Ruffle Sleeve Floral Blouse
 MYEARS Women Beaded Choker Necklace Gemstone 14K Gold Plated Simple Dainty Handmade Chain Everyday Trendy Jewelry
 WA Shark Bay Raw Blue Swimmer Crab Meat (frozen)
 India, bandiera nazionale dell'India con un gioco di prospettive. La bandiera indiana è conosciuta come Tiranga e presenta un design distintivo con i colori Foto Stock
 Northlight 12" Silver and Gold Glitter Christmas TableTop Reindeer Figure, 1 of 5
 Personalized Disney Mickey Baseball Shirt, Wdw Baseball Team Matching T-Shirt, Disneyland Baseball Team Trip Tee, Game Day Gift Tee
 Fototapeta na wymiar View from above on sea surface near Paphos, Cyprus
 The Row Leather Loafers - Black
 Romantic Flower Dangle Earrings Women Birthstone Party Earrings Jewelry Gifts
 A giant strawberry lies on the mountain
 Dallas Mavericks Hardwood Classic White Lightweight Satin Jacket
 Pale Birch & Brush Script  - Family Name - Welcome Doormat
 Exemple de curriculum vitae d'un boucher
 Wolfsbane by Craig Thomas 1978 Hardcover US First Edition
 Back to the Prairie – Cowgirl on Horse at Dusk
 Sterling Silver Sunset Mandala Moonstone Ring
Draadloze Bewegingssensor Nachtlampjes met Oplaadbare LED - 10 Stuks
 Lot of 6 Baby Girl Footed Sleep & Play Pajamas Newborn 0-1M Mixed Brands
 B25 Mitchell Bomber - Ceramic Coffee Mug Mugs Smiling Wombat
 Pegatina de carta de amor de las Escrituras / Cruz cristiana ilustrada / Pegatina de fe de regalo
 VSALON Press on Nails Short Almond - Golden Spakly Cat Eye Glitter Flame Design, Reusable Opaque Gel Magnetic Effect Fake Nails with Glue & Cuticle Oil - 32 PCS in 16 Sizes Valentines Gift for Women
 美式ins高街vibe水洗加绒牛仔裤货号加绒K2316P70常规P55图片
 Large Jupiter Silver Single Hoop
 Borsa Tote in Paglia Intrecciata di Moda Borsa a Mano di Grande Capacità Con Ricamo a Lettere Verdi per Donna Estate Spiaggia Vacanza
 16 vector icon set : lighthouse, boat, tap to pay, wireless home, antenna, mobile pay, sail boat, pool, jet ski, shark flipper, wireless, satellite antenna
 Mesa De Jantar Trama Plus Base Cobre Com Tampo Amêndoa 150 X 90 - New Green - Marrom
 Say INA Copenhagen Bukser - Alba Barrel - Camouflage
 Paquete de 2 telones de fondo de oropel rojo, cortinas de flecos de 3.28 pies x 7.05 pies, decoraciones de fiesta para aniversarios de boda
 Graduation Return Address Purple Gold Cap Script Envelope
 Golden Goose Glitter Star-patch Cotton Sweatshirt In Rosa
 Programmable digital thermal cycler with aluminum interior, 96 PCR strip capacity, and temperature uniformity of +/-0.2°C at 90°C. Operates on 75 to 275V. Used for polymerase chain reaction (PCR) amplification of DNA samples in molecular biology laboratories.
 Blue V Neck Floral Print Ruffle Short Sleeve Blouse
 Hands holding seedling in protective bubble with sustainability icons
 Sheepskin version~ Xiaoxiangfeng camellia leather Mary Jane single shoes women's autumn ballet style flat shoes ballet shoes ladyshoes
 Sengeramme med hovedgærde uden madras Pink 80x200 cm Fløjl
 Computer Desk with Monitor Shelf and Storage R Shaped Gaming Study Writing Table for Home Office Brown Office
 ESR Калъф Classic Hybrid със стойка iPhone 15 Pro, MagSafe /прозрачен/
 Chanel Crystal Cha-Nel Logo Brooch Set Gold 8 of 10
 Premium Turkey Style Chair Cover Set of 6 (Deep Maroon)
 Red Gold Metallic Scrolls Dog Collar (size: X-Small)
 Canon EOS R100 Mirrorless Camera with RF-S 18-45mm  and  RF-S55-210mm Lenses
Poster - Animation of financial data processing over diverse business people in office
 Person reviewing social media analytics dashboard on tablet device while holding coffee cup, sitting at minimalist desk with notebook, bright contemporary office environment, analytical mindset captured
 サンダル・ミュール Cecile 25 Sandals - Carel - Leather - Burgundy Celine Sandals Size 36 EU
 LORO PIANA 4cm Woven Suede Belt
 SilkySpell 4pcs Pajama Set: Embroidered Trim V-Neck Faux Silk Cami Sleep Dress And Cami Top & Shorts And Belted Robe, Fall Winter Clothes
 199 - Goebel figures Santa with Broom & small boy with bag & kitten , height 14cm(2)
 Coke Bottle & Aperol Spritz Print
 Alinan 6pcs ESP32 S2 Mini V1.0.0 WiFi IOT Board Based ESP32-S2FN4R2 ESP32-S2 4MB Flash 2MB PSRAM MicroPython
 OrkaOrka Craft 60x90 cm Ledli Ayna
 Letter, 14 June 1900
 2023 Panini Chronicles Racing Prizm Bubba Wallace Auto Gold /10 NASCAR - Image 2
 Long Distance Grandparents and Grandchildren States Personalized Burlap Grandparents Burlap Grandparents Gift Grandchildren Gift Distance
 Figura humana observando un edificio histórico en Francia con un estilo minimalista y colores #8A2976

EXERCISE DIRECTIONS:
Out of the data above, set down the lines from the one with "VSALON Press on" to the one with "ESR Калъф Classic", both included, exactly as written and with no additions.

PROBLEM SOLUTION:
 VSALON Press on Nails Short Almond - Golden Spakly Cat Eye Glitter Flame Design, Reusable Opaque Gel Magnetic Effect Fake Nails with Glue & Cuticle Oil - 32 PCS in 16 Sizes Valentines Gift for Women
 美式ins高街vibe水洗加绒牛仔裤货号加绒K2316P70常规P55图片
 Large Jupiter Silver Single Hoop
 Borsa Tote in Paglia Intrecciata di Moda Borsa a Mano di Grande Capacità Con Ricamo a Lettere Verdi per Donna Estate Spiaggia Vacanza
 16 vector icon set : lighthouse, boat, tap to pay, wireless home, antenna, mobile pay, sail boat, pool, jet ski, shark flipper, wireless, satellite antenna
 Mesa De Jantar Trama Plus Base Cobre Com Tampo Amêndoa 150 X 90 - New Green - Marrom
 Say INA Copenhagen Bukser - Alba Barrel - Camouflage
 Paquete de 2 telones de fondo de oropel rojo, cortinas de flecos de 3.28 pies x 7.05 pies, decoraciones de fiesta para aniversarios de boda
 Graduation Return Address Purple Gold Cap Script Envelope
 Golden Goose Glitter Star-patch Cotton Sweatshirt In Rosa
 Programmable digital thermal cycler with aluminum interior, 96 PCR strip capacity, and temperature uniformity of +/-0.2°C at 90°C. Operates on 75 to 275V. Used for polymerase chain reaction (PCR) amplification of DNA samples in molecular biology laboratories.
 Blue V Neck Floral Print Ruffle Short Sleeve Blouse
 Hands holding seedling in protective bubble with sustainability icons
 Sheepskin version~ Xiaoxiangfeng camellia leather Mary Jane single shoes women's autumn ballet style flat shoes ballet shoes ladyshoes
 Sengeramme med hovedgærde uden madras Pink 80x200 cm Fløjl
 Computer Desk with Monitor Shelf and Storage R Shaped Gaming Study Writing Table for Home Office Brown Office
 ESR Калъф Classic Hybrid със стойка iPhone 15 Pro, MagSafe /прозрачен/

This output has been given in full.